Sunday, September 07, 2008

Can you help a reporter out?

I recently discovered a website that offers a terrific service for free. Whether you are a freelance writer or book author, I believe you'll be interested in checking out, or HARO. The site belongs to Peter Shankman, who heads his own PR agency. The service serves two purposes: journalists (e.g., freelance writers) can submit requests for sources, or individuals (e.g., authors) can subscribe to read the queries and send their info in response.

So whether you're writing an article or want to be cited as an expert in someone's article, this service is an amazing tool to get what you want. Once you've signed up as subscriber, you'll receive three emails a day with anywhere from 15-40+ queries from journalists (which include print, Internet and broadcast media) looking for people to interview for a variety of assignments, and if you're a match you can submit. If you're a journalist looking for a source, you can post a query. He already has over 25,000 subscribers, so getting your request in front of thousands of eyes can beat spending hours on the Internet and phone trying to find someone who meets your needs.

I subscribed to this service about a month ago and found myself emailing clients and friends who I thought were right for various stories. It got too overwhelming to read for myself and others and get any work done, so I directed interested parties to subscribe themselves and sent a tip sheet on how to respond to queries. My original intention was to share the sheet with my clients only, but then I had a "I could've had a V-8" moment and realized everyone could benefit from the tips. So read on if you want to know the right way to respond to a journalist's query or make a blind pitch. (If you need an incentive, my client, Paula Holland De Long, was recently interviewed by Aventura Magazine as a result of replying to a query using these tips.)

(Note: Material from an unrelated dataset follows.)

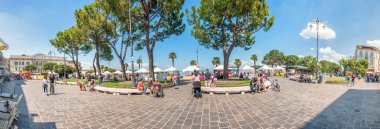 Turistlere boardwalk Desenzano Garda Gölü, İtalya Tarih içinde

How to Respond to a Journalist's Query or Request for Expert Sources
It's very exciting and a good opportunity to reply to a journalist's query or request for expert sources. However, there are conventional rules of procedure to follow, or you risk being labeled a pest rather than a valuable resource! Here's how to submit your expertise, book or product to a media request. (These rules apply to "blind" pitching, too.)
Only respond or pitch if you are an appropriate match for the topic. Don't try to stretch the truth, present yourself to be something you're not or promise what you can't deliver.

Give the request serious thought before dashing out your information. Read the request carefully. What is the angle of the story? Who is the audience? Then present your material in a manner that is consistent with the needs of the story and the audience.

Open with an introduction about why you are writing (I'm writing in response to... or to suggest...). Indicate why you are an expert, but keep to a sentence. "As a licensed physical therapist with Such and Such Medical Group, ...."

Present your information and specify how it is relevant to the subject of the article or show. Make your presentation to the journalist very clear; don't assume that he or she will connect the dots between what you are sending and what they need. If this is a blind pitch, then it's even more important to establish how your information can benefit or be of interest to the audience.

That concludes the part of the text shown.